Senator MUSKIE. Do you believe that the Medicare program coverage needs improvement rather than constriction? What is your view on that?

THREE MAJOR ALTERATIONS NEEDED

Mr. GLASSER. Our union, Mr. Chairman, feels very strongly that the Medicare program needs three major alterations. The first is a substantial improvement in benefits with the removal of economic deterrants to early diagnosis and treatment. The medical profession has told us that for 50 years, but somehow it hasn't reached their legislative agents in the Congress.

Second, the program needs to be integrated with the total program of health care for all Americans. At present, it is disfunctional and costly to provide medical care for the elderly as though they are the only ones in America that have problems.

Finally, it is our firm belief that if these programs were integrated with a comprehensive program containing a single uniform system of financing, the elderly would be infinitely better off.

Senator MUSKIE. The administration's proposal as described includes a prospective reimbursement system for hospitals.

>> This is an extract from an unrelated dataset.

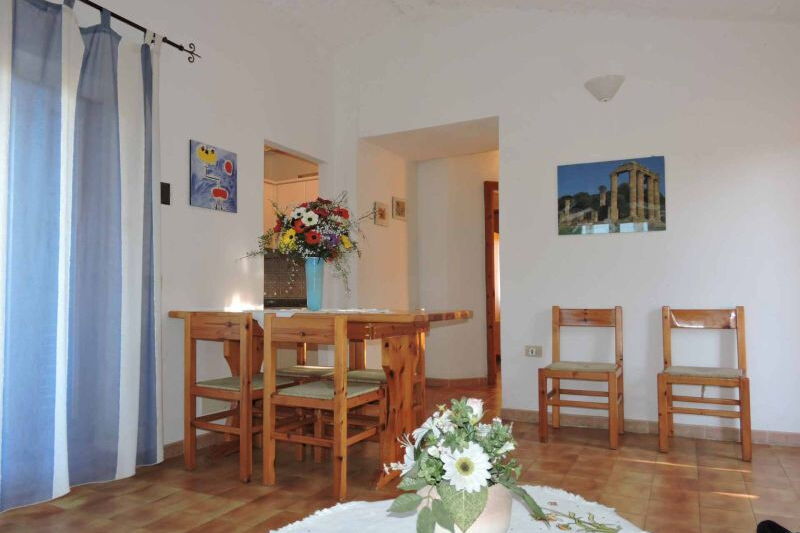 Günstige Ferienwohnung - Nr. 155C - Essbereich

In your view, is that a valuable device for increasing cost control? Mr. GLASSER. Mr. Chairman, I have on many occasions testified in various places for a prospective reimbursement of hospitals. But I have also testified, and it has been our union's position, that it is not possible to control one piece of the system unless you look at the entire system as well.

Hospitals need to be on a budget. But so do extended care facilities and physicians. If one only controls a piece of the system, the costs in the remaining pieces are expanded. For example, if hospital costs are held down, nursing home costs escalate. This is not a theoretical discussion, Mr. Chairman; this has been our experience.

Last year, the Health Benefits Advisory Committee recommended to the Cost of Living Council, of which I am a member, that there be certain controls. The controls on physicians' charges were 2.5 percent. The controls on hospital charges were 6 percent last year. Everybody felt this was good fiscal policy as, in fact, both the hospitals and physicians stayed within their respective limits. Nevertheless, the total cost of health services went up 11.1. Well, it takes some strange kind of arithmetic to figure out how to average out 2.5 percent and 6 percent to come out with 11.1 percent.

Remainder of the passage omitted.